Task requirements => Copy out the entire listing below exactly, but without its pictures.

Dataset section =>
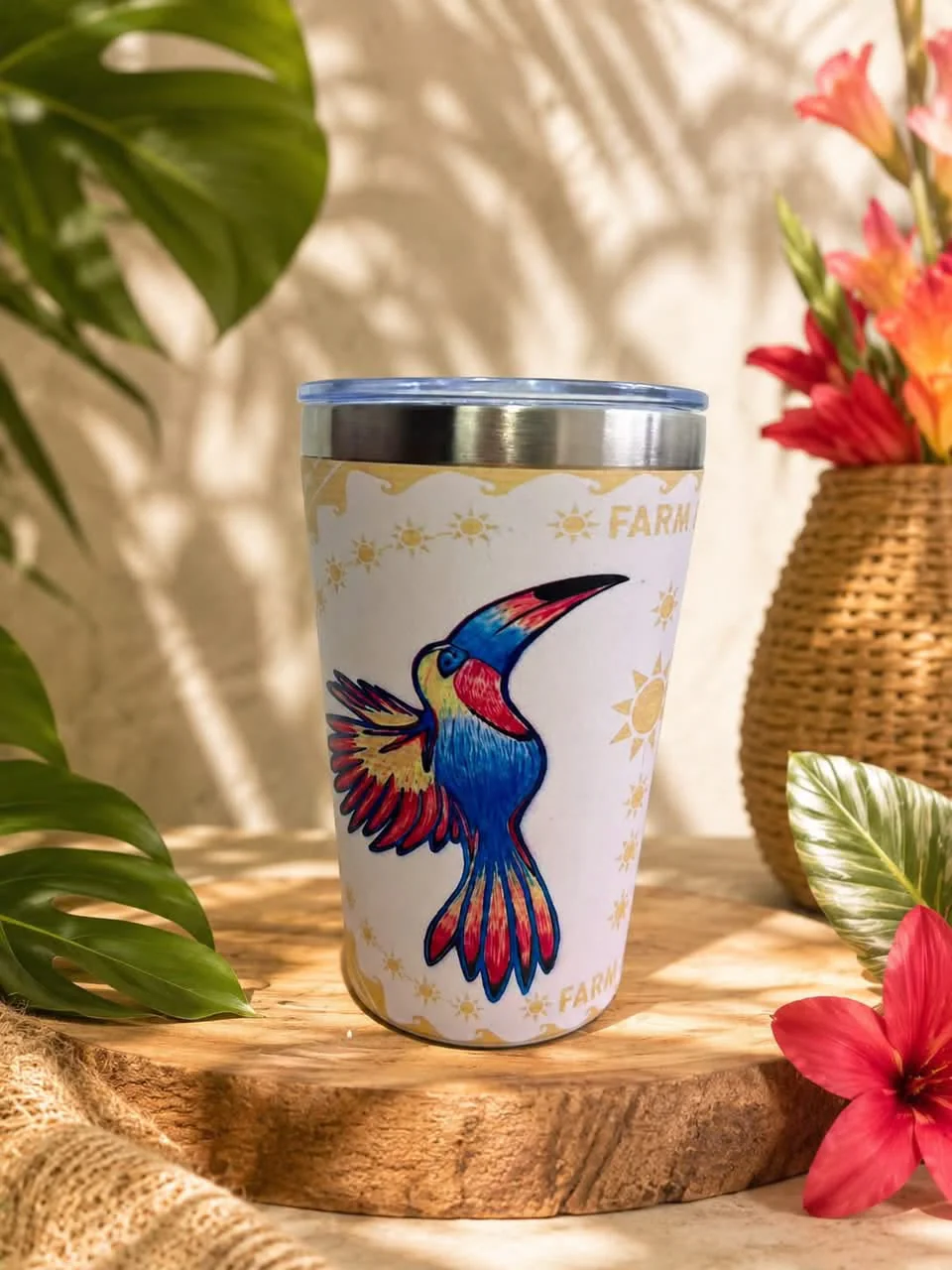 Copo Térmico Estampado Farm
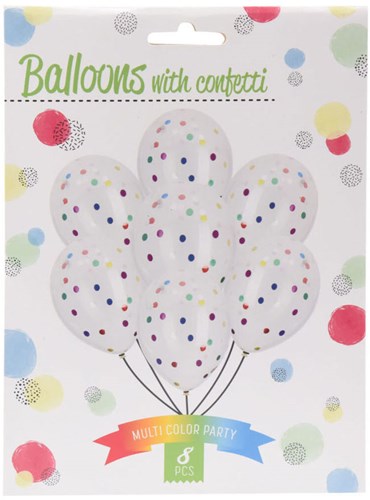 Ballons confettis couleurs multiples décoration fête 8 pièces anniversaire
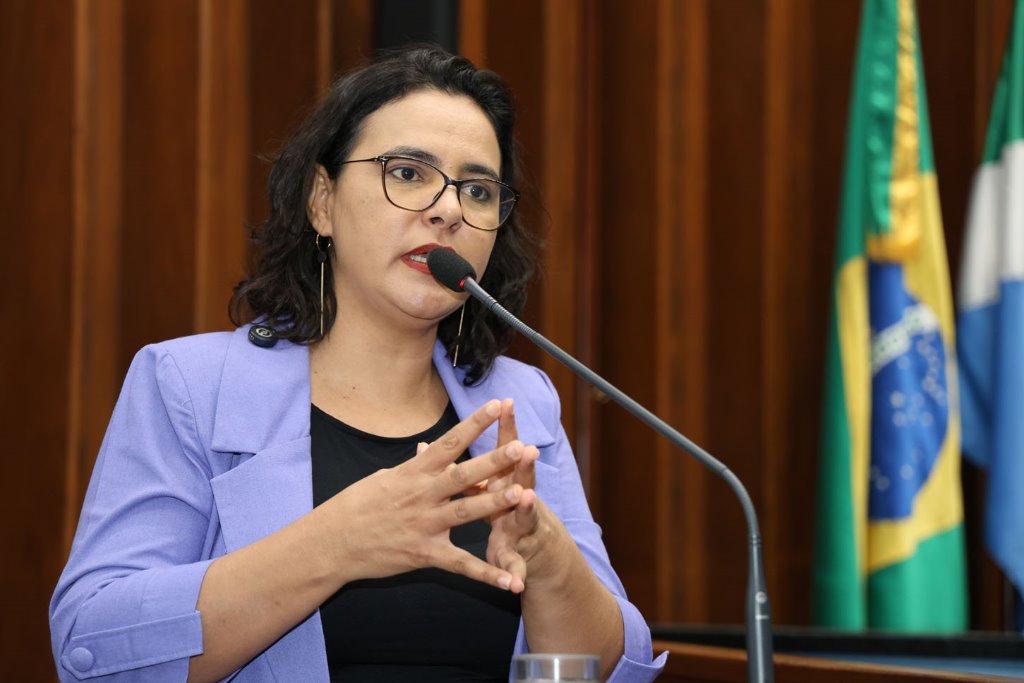 Imagem: Deputada Gleice Jane, propositora da audiência pública, discursa durante sessão plenária na Assembleia Legislativa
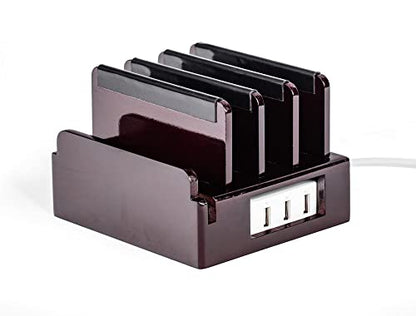 The Compact Charging Station by Great Useful Stuff - Say Goodbye to Clutter, The Compact Way. Desk Organizer Dock and Stand - Cherry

Solution =>
 Copo Térmico Estampado Farm
 Ballons confettis couleurs multiples décoration fête 8 pièces anniversaire
 Imagem: Deputada Gleice Jane, propositora da audiência pública, discursa durante sessão plenária na Assembleia Legislativa
 The Compact Charging Station by Great Useful Stuff - Say Goodbye to Clutter, The Compact Way. Desk Organizer Dock and Stand - Cherry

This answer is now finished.